The truth is that these lesser peaks and ridges offer tremendous walking, and effort is rewarded. The views are often better because you look from the periphery towards the centre of the range of peaks, and the best reason of all is that on these ‘lesser’ peaks you get away from the crowds and quite possibly you will have the mountain all to yourself. That is most definitely my experience in Snowdonia and I strongly suspect that a lot of these three paragraphs apply to many other mountain areas across the globe.

Traversing from Mynydd Mawr, The final northernmost peak of Nantlle ridge in the background [Y Garn]

Today’s images come from a small clutch of mountains in Snowdonia that collectively are called the Eifionydd Hills (a fact I have just this minute discovered for myself while dipping into Terry Marsh’s excellent ‘The Mountains of Wales’); although to most ordinary people – including me – they are known as the hills of the Hebog and Nantlle ranges.

The Nantlle ridge is not often walked in its entirety because of difficulties reaching the southern end of the ridge.

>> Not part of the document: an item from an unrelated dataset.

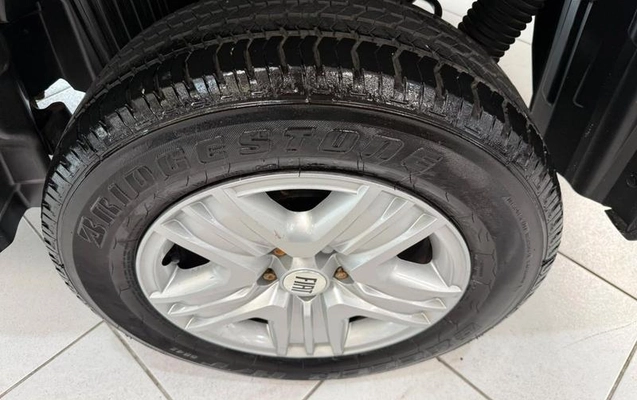 imagem-https://www.socarrao.com.br/sc-vehicle-images-prod/4403836/1792523704597-8587895_9_B_4dda4f1b72.jpeg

The Powder House at Ynys Cyngar on the Coast

But a few years ago, before I acquired a digital camera, I walked it in a long 15mile day starting out on the coast at Ynys Cyngar, 2miles west of Porthmadog. [For more information on this place read ‘The Powder House’]. I followed a network of paths inland through some very marshy country until I hit the moorland heading up to Mynydd Craig Goch, the southernmost peak on the ridge. From here a superb roller-coaster of a ridge heads NE crossing 7 summits over 600M in height heading straight into the heart of Snowdonia ending at Rhyd-Ddu where there is an excellent pub serving Leffe beer. The feeling is of walking into a giant amphitheatre of peaks. To my mind there could be no better way to approach the high peaks of Snowdonia. [See the first image at the top of this post for a view of the final three peaks of the Nantlle Ridge]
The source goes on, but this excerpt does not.